◆ **Required work**:
Please give an exact printout of the records, without any pictures.

◆ **Input data**:
###
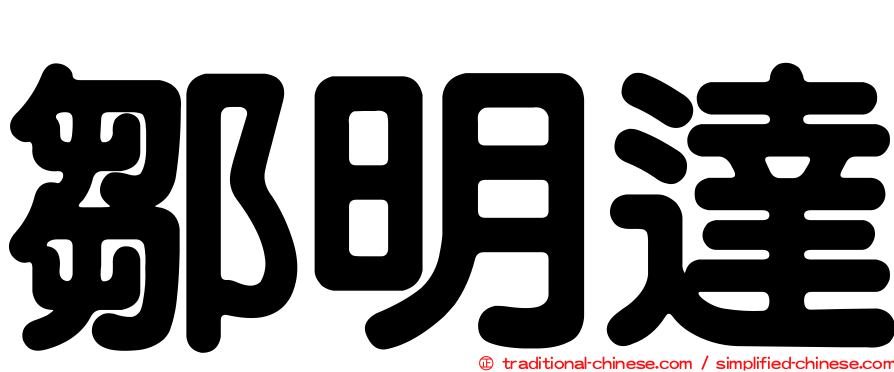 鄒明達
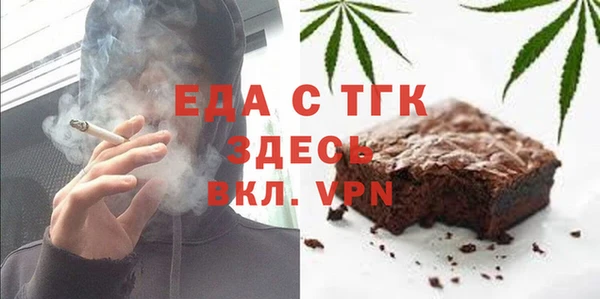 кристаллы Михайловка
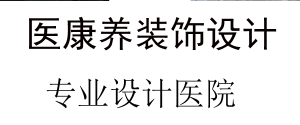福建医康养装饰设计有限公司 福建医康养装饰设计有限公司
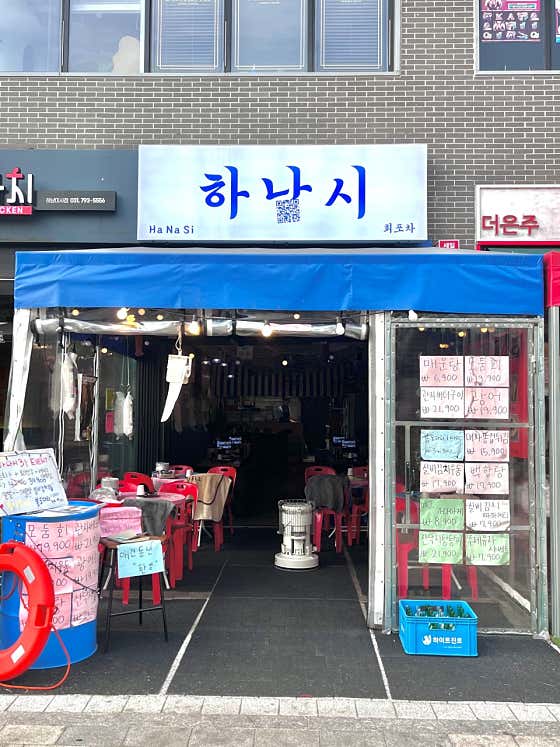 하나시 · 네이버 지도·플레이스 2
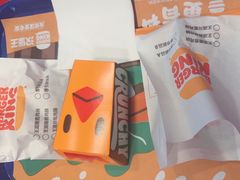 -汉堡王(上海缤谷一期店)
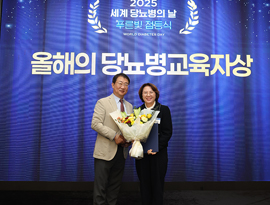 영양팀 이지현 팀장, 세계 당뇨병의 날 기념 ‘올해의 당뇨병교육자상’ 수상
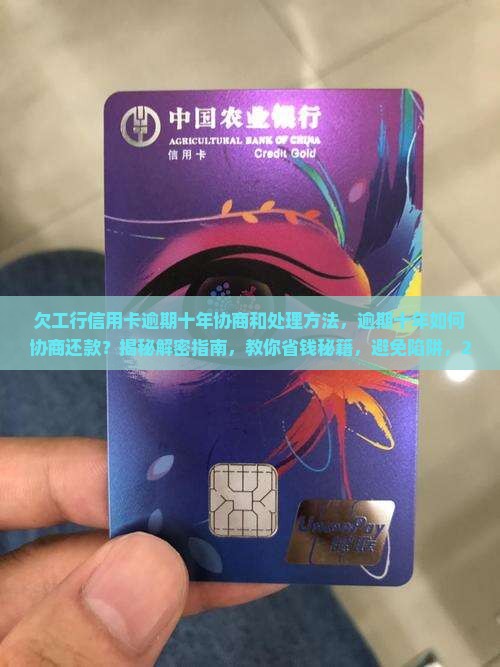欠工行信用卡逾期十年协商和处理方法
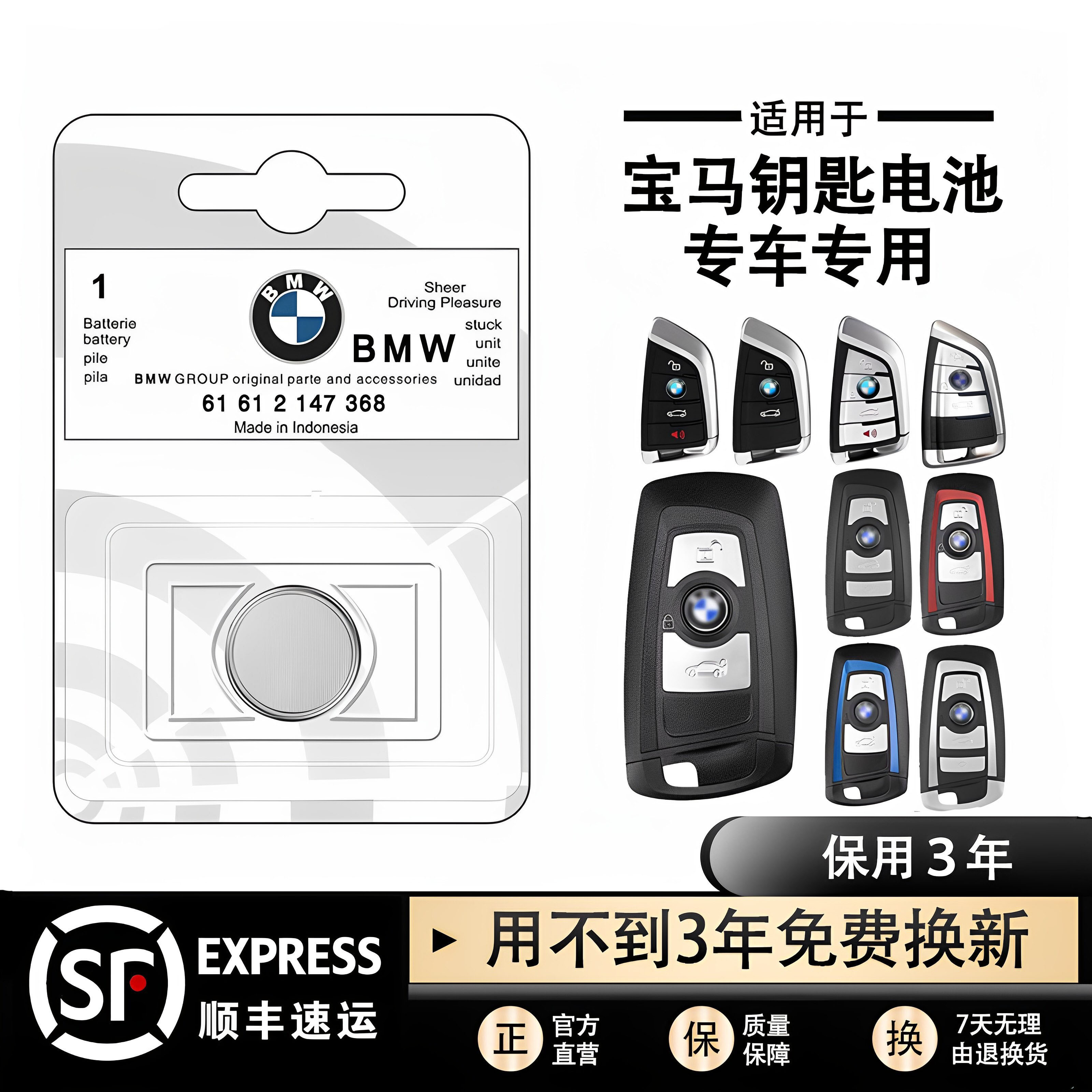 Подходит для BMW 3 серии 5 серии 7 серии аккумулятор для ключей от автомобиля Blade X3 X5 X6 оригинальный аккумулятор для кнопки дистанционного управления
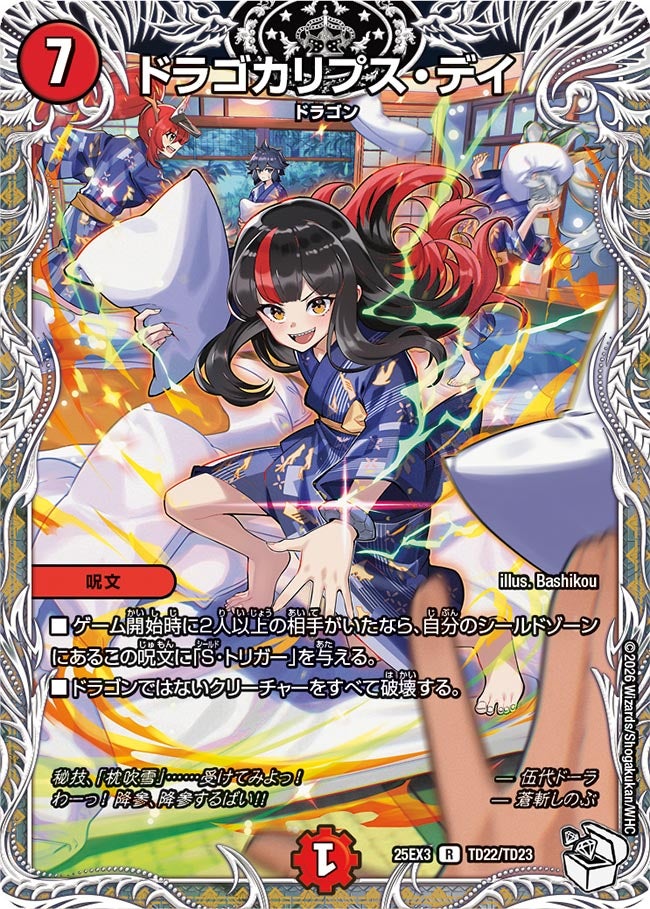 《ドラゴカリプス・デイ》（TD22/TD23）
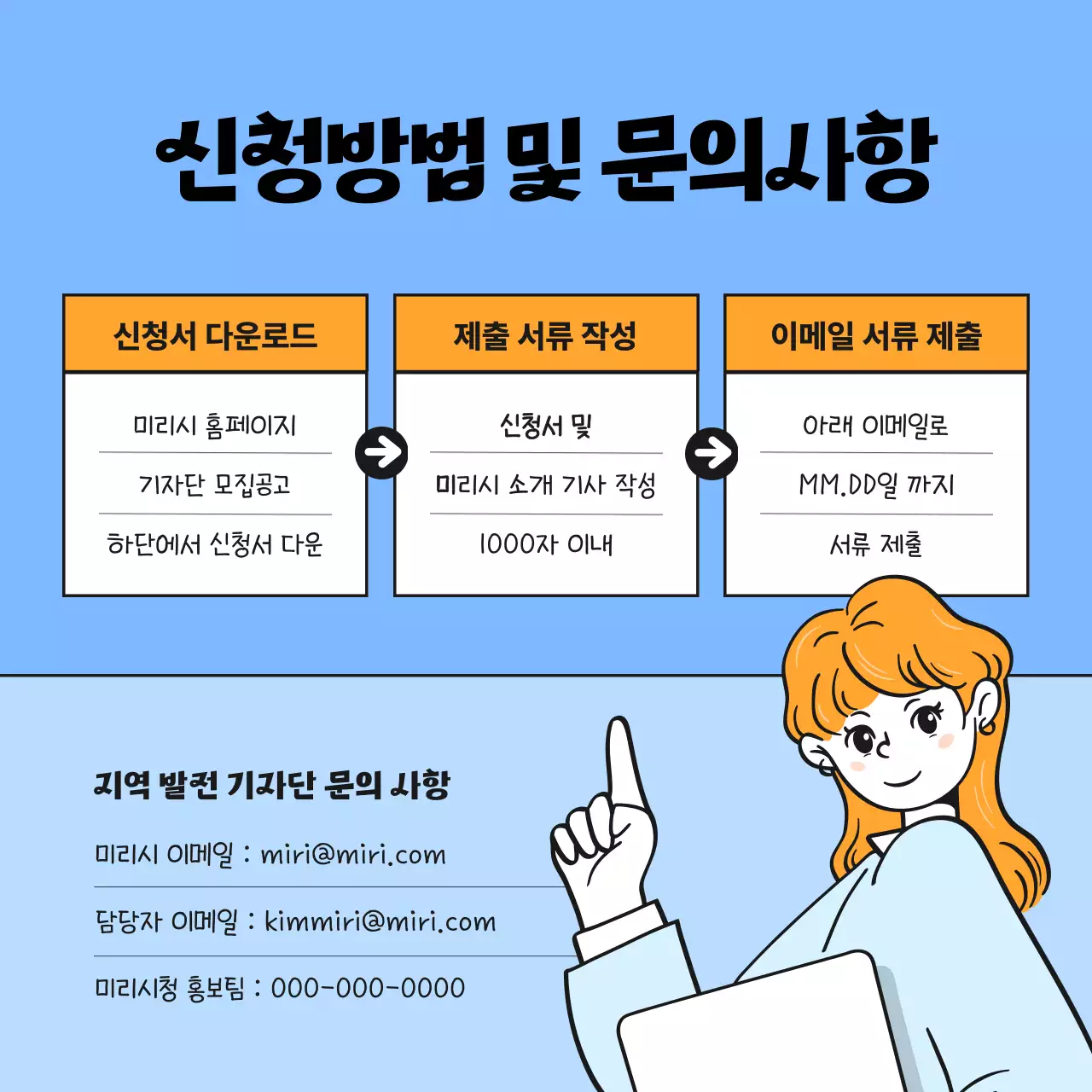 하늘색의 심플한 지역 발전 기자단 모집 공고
###
◆ **Exercise answer**:
 鄒明達
 кристаллы Михайловка
福建医康养装饰设计有限公司 福建医康养装饰设计有限公司
 하나시 · 네이버 지도·플레이스 2
 -汉堡王(上海缤谷一期店)
 영양팀 이지현 팀장, 세계 당뇨병의 날 기념 ‘올해의 당뇨병교육자상’ 수상
欠工行信用卡逾期十年协商和处理方法
 Подходит для BMW 3 серии 5 серии 7 серии аккумулятор для ключей от автомобиля Blade X3 X5 X6 оригинальный аккумулятор для кнопки дистанционного управления
 《ドラゴカリプス・デイ》（TD22/TD23）
 하늘색의 심플한 지역 발전 기자단 모집 공고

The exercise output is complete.